Polars Query Optimisation re: String Operations on Categorical Columns


Do string operations on Categorical columns cast the entire column to String first and then perform the operation, or where possible do they operate on the (presumably [much] smaller) Categorical Dictionary directly?
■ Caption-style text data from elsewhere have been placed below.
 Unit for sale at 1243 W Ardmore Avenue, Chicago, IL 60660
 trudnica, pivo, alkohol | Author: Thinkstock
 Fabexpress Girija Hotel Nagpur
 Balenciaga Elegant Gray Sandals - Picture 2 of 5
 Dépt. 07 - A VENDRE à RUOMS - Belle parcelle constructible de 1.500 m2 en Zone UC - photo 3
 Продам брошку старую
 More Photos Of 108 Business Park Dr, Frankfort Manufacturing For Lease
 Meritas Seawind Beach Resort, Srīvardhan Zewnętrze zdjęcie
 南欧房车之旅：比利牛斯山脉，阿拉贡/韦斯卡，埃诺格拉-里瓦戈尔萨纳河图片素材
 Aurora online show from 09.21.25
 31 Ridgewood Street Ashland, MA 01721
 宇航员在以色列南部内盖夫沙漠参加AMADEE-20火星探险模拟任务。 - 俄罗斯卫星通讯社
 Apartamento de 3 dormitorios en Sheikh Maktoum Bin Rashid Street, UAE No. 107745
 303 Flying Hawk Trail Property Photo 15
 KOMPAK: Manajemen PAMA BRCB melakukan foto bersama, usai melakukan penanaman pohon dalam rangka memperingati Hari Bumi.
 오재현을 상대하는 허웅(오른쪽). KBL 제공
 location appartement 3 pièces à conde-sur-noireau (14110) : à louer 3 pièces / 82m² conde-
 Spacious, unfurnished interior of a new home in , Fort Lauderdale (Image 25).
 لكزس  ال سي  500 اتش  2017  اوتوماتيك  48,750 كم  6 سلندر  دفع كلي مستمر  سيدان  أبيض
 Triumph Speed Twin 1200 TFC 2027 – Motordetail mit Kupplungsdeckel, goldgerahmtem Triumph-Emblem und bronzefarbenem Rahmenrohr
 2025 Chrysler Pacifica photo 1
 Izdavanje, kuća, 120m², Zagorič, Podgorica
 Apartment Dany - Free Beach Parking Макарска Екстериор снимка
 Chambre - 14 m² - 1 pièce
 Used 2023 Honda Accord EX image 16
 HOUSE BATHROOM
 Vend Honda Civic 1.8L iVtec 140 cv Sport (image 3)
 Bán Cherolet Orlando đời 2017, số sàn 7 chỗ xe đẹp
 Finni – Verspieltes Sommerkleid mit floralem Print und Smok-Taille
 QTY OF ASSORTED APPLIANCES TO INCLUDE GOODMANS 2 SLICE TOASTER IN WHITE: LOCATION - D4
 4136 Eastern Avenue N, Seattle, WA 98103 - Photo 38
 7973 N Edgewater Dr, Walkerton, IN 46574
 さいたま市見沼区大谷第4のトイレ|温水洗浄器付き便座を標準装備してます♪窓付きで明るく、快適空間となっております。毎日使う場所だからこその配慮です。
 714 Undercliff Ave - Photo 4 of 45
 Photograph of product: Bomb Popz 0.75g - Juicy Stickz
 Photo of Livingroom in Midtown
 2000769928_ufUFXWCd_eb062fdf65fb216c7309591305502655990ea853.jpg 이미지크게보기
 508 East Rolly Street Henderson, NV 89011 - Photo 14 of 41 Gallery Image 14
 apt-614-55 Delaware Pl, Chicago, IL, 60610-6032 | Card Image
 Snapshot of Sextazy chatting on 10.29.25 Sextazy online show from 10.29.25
e.g. df.filter(pl.col('my_category').cast(pl.String).str.contains(...)) (also str.starts_with(...) and friends etc) or df.with_columns(pl.col('my_category').cast(pl.String).str.replace(...).cast(pl.Categorical))


Solution

  • It casts everything.

    Here's a little experiment

    n=1_000_000
    df=pl.DataFrame([
        pl.Series('my_categories', ['applezzzzzzzzzzz']*n+
                  ['bananazzzzzzzzzzz']*n+
                  ['carrotzzzzzzzzzzzzz']*n, dtype=pl.Categorical)
    ]).sample(n, shuffle=True)
    
    
    ## Intuitive approach
    %%timeit
    df.filter(pl.col('my_categories').cast(pl.String).str.contains('pl'))
    ## 50.8 ms ± 7.47 ms per loop (mean ± std. dev. of 7 runs, 10 loops each)
    
    ## Convoluted approach that takes advantage of Categories
    %%timeit
    df.filter(
        pl.col('my_categories').to_physical().is_in(
            df.unique()
            .filter(pl.col('my_categories').cast(pl.String).str.contains('pl'))
            .select(pl.col('my_categories').to_physical())
            .to_series()
            )
        )
    ## 28.7 ms ± 3.51 ms per loop (mean ± std. dev. of 7 runs, 10 loops each)
    

    If I bump n down to 100k then the simple approach is faster with it taking 5.27ms and the other approach taking 6.18ms.

    The length of the strings also impacts the timing.